[Data provided Boundary: Start]

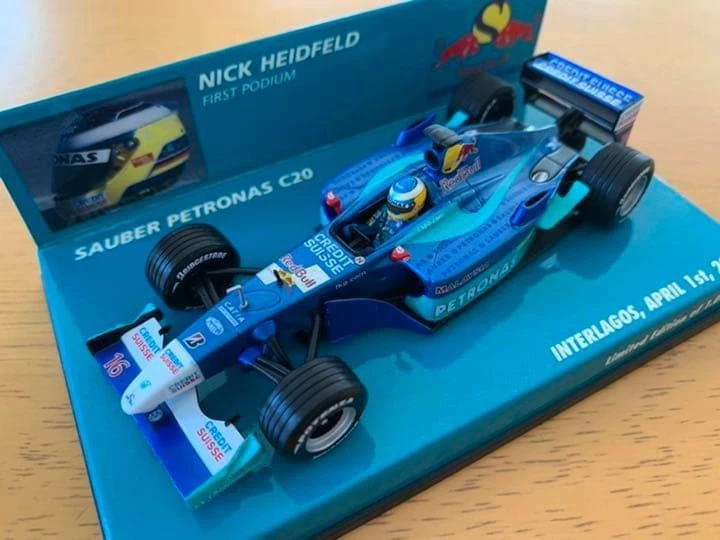 Modellino auto firmato Minichamps Nick Heidfeld Sauber C20 2001 GP del Brasile - Immagine 2 di 4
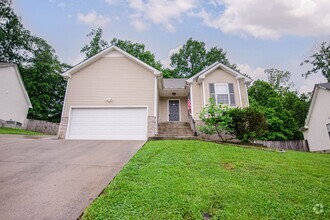 Building Photo - Pet Friendly Three Bedroom!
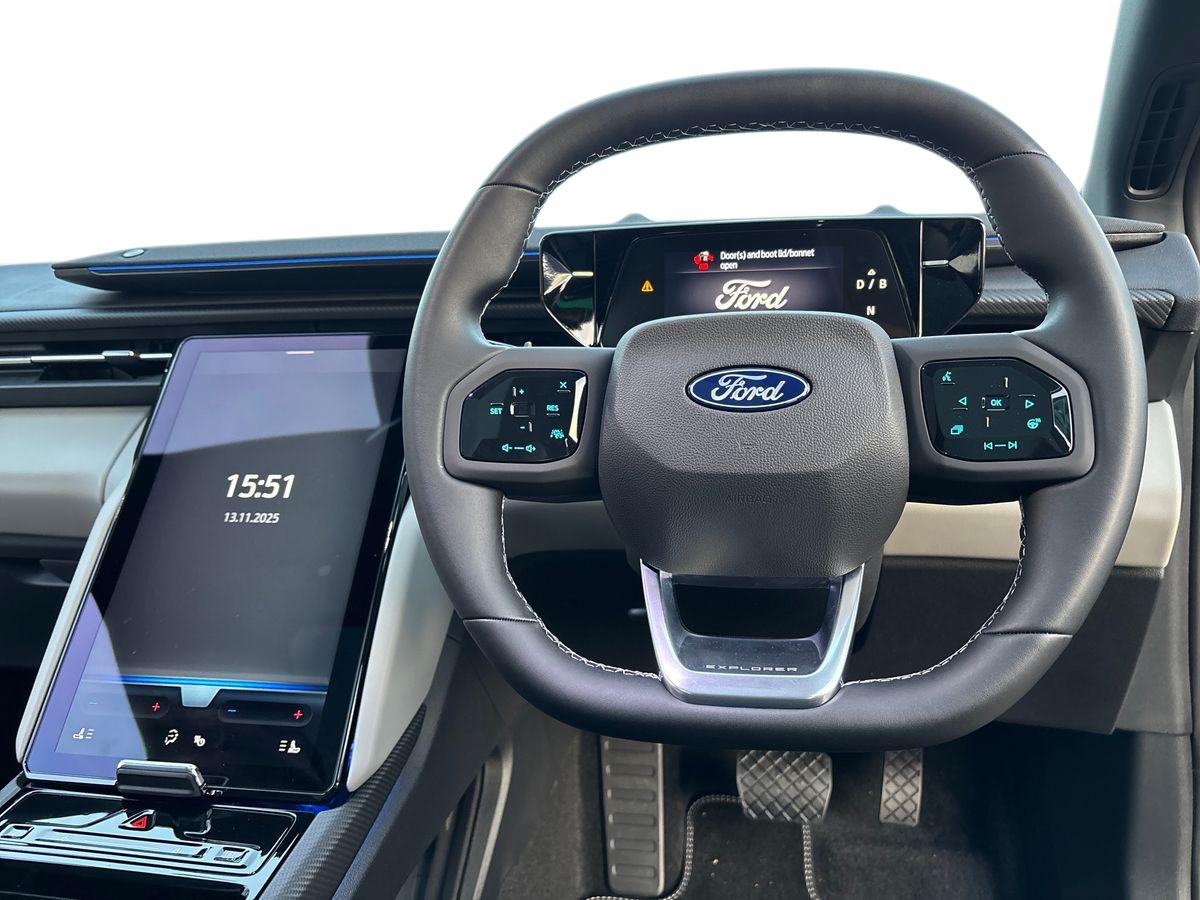 Used Ford Explorer 2024 for sale - 76563722: Photo 14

[Data provided Boundary: End]

Your instructions: Would you please set down the data above again exactly, without its pictures?

Answer section:
 Modellino auto firmato Minichamps Nick Heidfeld Sauber C20 2001 GP del Brasile - Immagine 2 di 4
 Building Photo - Pet Friendly Three Bedroom!
 Used Ford Explorer 2024 for sale - 76563722: Photo 14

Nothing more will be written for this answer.